Around the same time, he moved into a nearby apartment with his mother and brother. His brother is also his closest colleague: they started the café together, and he is the first person ʿUmar calls when there is a problem with the business. Alongside his apartment around the corner, the café functions as a second home. He spends most of his hours in and around it, together with his employees and what he jokingly describes as the most important family member of all: his cat. As several customers put it, “The cat is like the landmark of the café; everyone knows and loves him.”[ii]
‘Alī (35) was born in Minya, a city in Upper Egypt. He spent his early years in this smaller city but has lived in Cairo for more than twenty‑five years. There, he lives with his family, although not all of his relatives have moved to Cairo. As he put it, “I am not fully settled anywhere; I go back and forth. But my family is here, alhamdulillah.”
When he first arrived to Cairo, he worked as an employee in Ḥalāwa, another ʾahwa in the neighborhood of al-Munīra. This workplace gave him the knowledge and experience to open his own ʾahwa around the corner. As a ʾahwa owner, he spends most of his days and nights in and around the café. During the interview, I asked him how he would describe his ʾahwa. Instead of explaining, he took me through the space, pointing out what was important to him. In the next section, I present these objects and people through photographs. Rather than words, these photos provide a vivid sense of the objects and people that shape what a ʾahwa means for ‘Alī himself.

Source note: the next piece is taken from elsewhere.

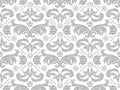Wallpaper with Silver Damask Pattern Royalty Free Stock Photo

[i] The term madrasa derives from the Arabic root d-r-s, meaning “to study” or “to learn.” From the same root, dars refers to a lesson, while mudarris denotes a teacher. In research on madāris (plural of madrasa) in the Middle East, Professor Ichraka explains that the term historically referred to institutions of education in which primarily Islamic sciences are taught (Ichraka 2013). However, in everyday Egyptian Arabic, madrasa can also refer more generally to schooling when no specific educational context is implied. This broader usage is also reflected in my conversation with ʿUmar, whose education was not limited to Islamic sciences.
[ii] The photograph of his cat and all further photographs in this paper are made by the author.